=== Begin Enclosure ===
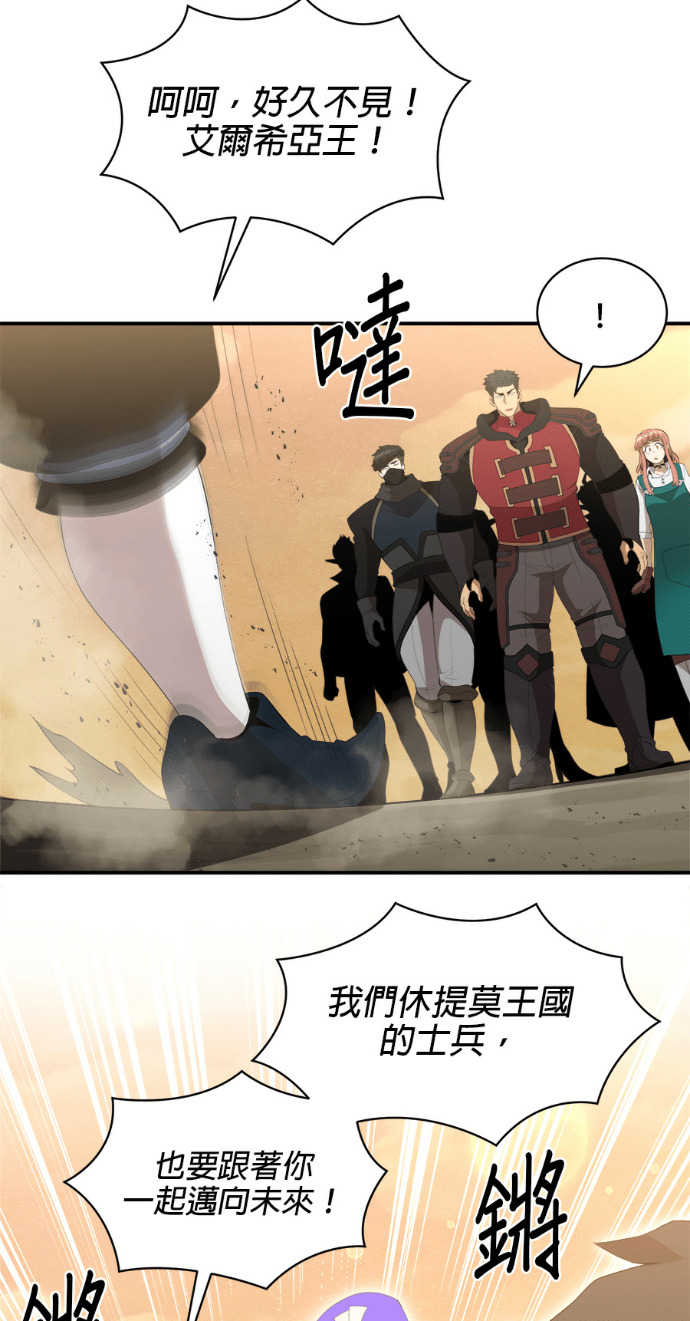 第203话 第49页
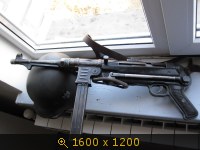 Оружие, картинка 2339520.jpg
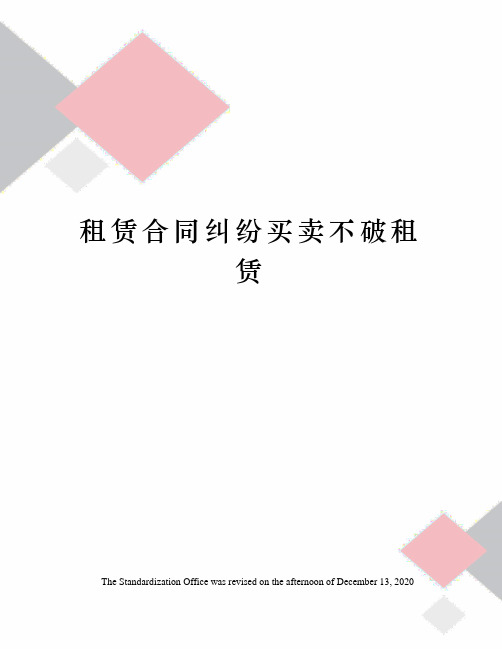 租赁合同纠纷买卖不破租赁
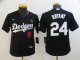 2026 MLB Los Angeles Dodgers New Pattern Jersey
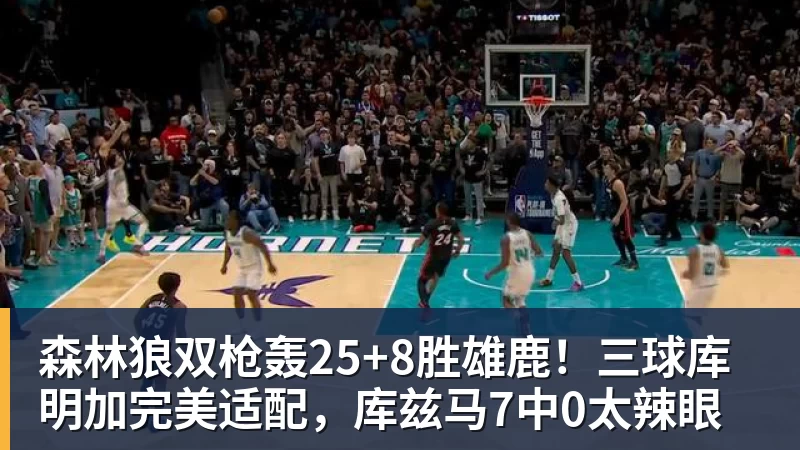 全场压制、巨星闪光与替补奇兵,葡萄牙2 - 华体会体育-华体会体育·(中国)官方网站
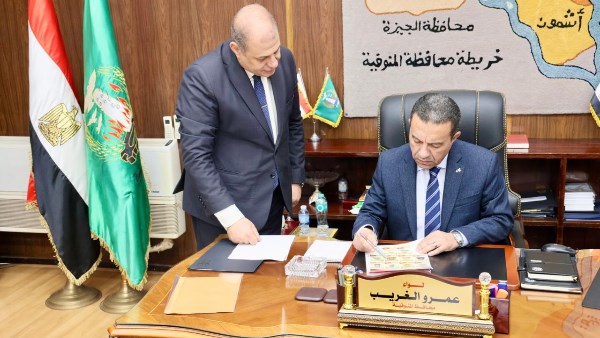 بنسبة نجاح  69,87 %..محافظ المنوفية يعتمد نتيجة الشهادة الإعدادية دور مايو 2026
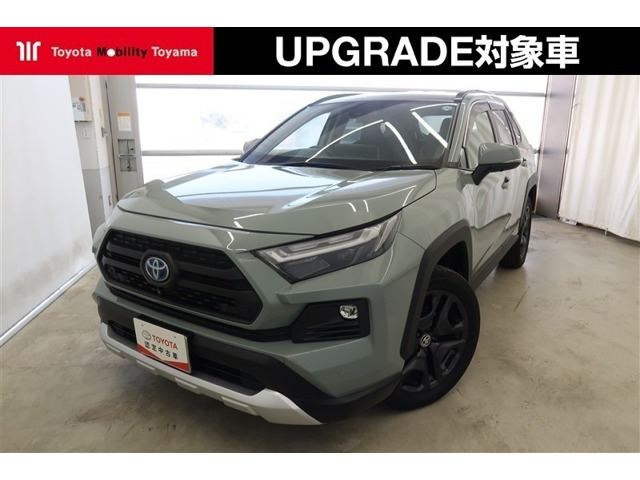 RAV4  2.5 ハイブリッド アドベンチャー E-Four 4WD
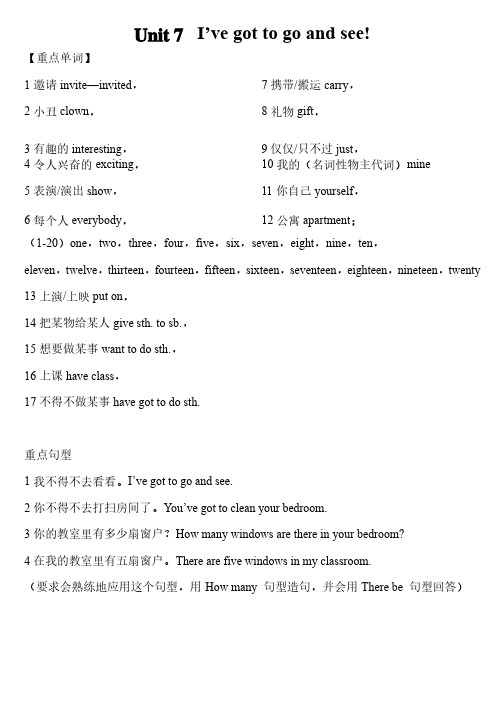 剑桥少儿英语二级下unit7单词句型语法重点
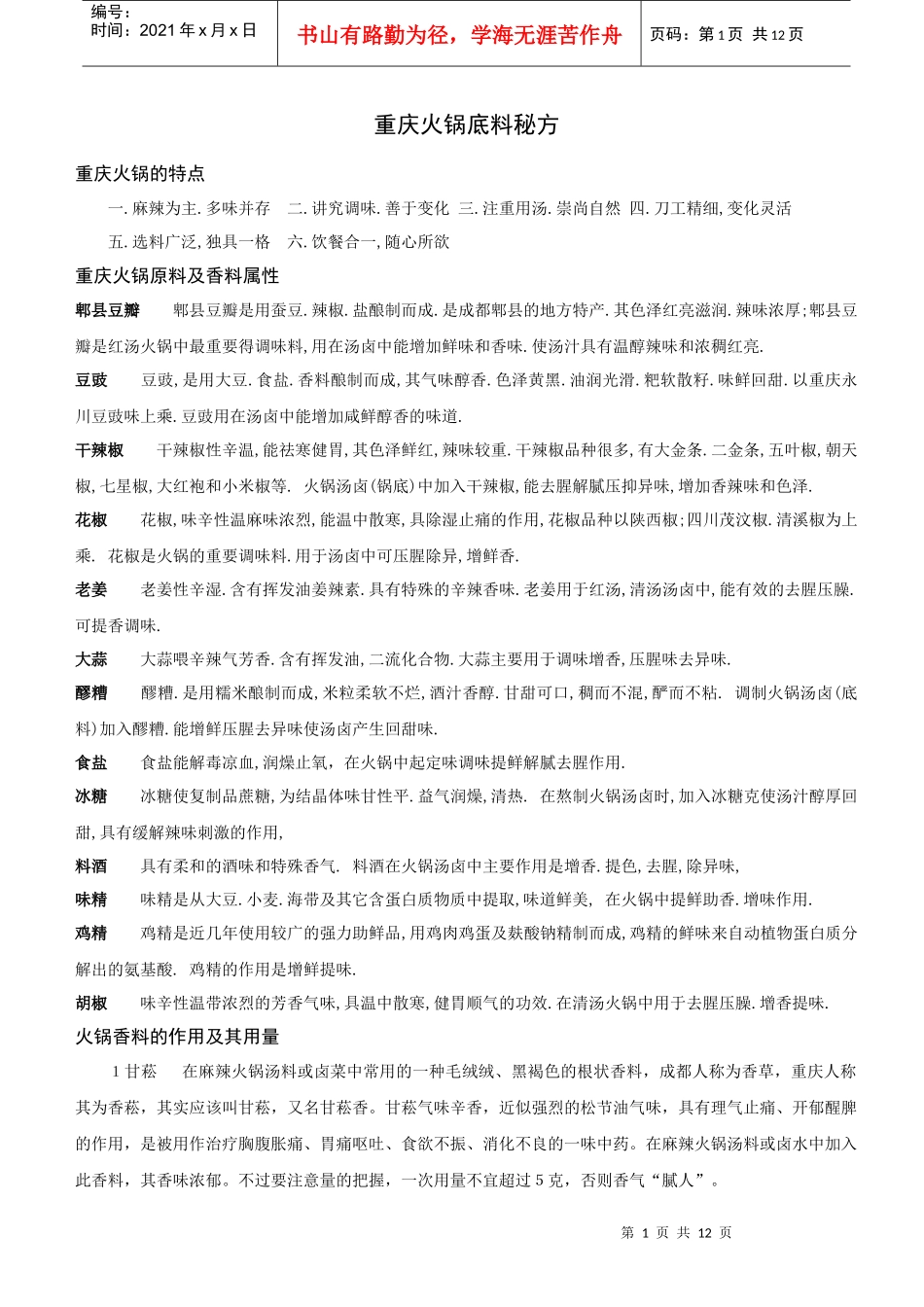 火锅餐饮重庆火锅底料秘方资料_第1页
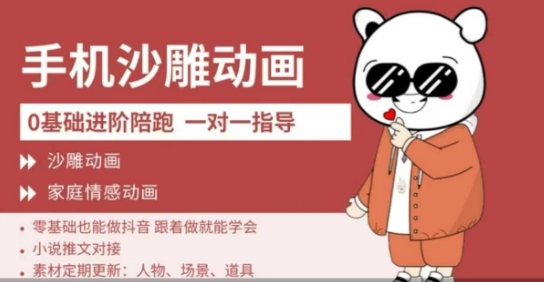 0基础手机沙雕动画教学，零基础跟着做就能学会，沙雕动画，家庭情感动画-灼光资源宝库
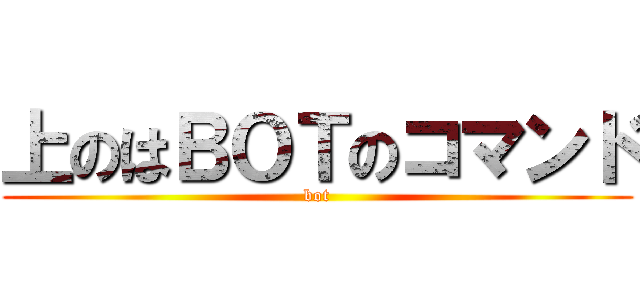 上のはＢＯＴのコマンド (bot)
=== End Enclosure ===
**Task item:**
For the material above, give every line again exactly and leave out the pictures.

**Exercise result:**
 第203话 第49页
 Оружие, картинка 2339520.jpg
 租赁合同纠纷买卖不破租赁
 2026 MLB Los Angeles Dodgers New Pattern Jersey
 全场压制、巨星闪光与替补奇兵,葡萄牙2 - 华体会体育-华体会体育·(中国)官方网站
 بنسبة نجاح  69,87 %..محافظ المنوفية يعتمد نتيجة الشهادة الإعدادية دور مايو 2026
 RAV4  2.5 ハイブリッド アドベンチャー E-Four 4WD
 剑桥少儿英语二级下unit7单词句型语法重点
 火锅餐饮重庆火锅底料秘方资料_第1页
 0基础手机沙雕动画教学，零基础跟着做就能学会，沙雕动画，家庭情感动画-灼光资源宝库
 上のはＢＯＴのコマンド (bot)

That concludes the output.